Research in human resource management tells us that organizations with an abundance of top-down, command-and-control managerial practices have higher levels of employee dissatisfaction and turnover and lower productivity. Coaching skills balance command-and-control behaviors with collaborative and cooperative practices that engage the best of every employee. When human resource professionals are asked how to reduce turnover, improve morale, and boost productivity, many of their recommendations center on changing managerial behavior. Those recommendations include training managers in many of the skills we call Anytime Coaching.
Organizational development experts tell us that groups of people working together naturally form accepted ways of behaving, and that what becomes accepted is greatly influenced by those in power positions. When managers adopt Anytime Coaching as a business-as-usual system of managing, the influence is felt throughout the organization. People know what they are supposed to do and know they are seen as competent and growing individuals whose contributions are necessary and vital to the organization. While the organizational chart may still look like a top-down arrangement, the behaviors between levels of management and across peer groups become coaching-based. Gone are fears of blame and punishment; in their place are risk tolerance, collaboration, shared credit, and responsibility. Anytime Coaching skills help create this type of positive workplace reality.

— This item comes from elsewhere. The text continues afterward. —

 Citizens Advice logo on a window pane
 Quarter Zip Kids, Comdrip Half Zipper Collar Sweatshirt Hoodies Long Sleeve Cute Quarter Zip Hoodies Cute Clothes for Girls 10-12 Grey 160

The field of positive psychology continues to provide evidence that people at work are happier and do better work when they (1) are appreciated for their unique skills and abilities, (2) have opportunities to use those skills and abilities in ways that generate positive outcomes, (3) are given opportunities to learn and develop new competencies, and (4) are recognized appropriately for their efforts and achievements. Anytime Coaching skills provide managers the tools and techniques necessary to interact with employees in ways that create a positive work climate where people know they are valued and, as a result, willingly share their value with the organization and continue to grow.
Research in the field of mindfulness has found that the regular practice of focusing on the present, allowing distracting thoughts to pass on by, has the benefit of increasing our ability to regain that focus throughout daily activities. From the perspective of neuroscience, mindfulness can be characterized “as a series of mental exercises by which one strengthens one’s control over the workings of their own brains.” Becoming more mindful creates a more resilient supervisor, manager, or employee, able to weather workplace challenges without becoming overly anxious, overwhelmed, or paralyzed by doubt or fear. By developing a sense of calm, clarity, and “focus on the moment,” the anytime coach minimizes distractions when observing and interacting with others. Through Anytime Coaching, you will learn ways to be more present, more aware, and more focused.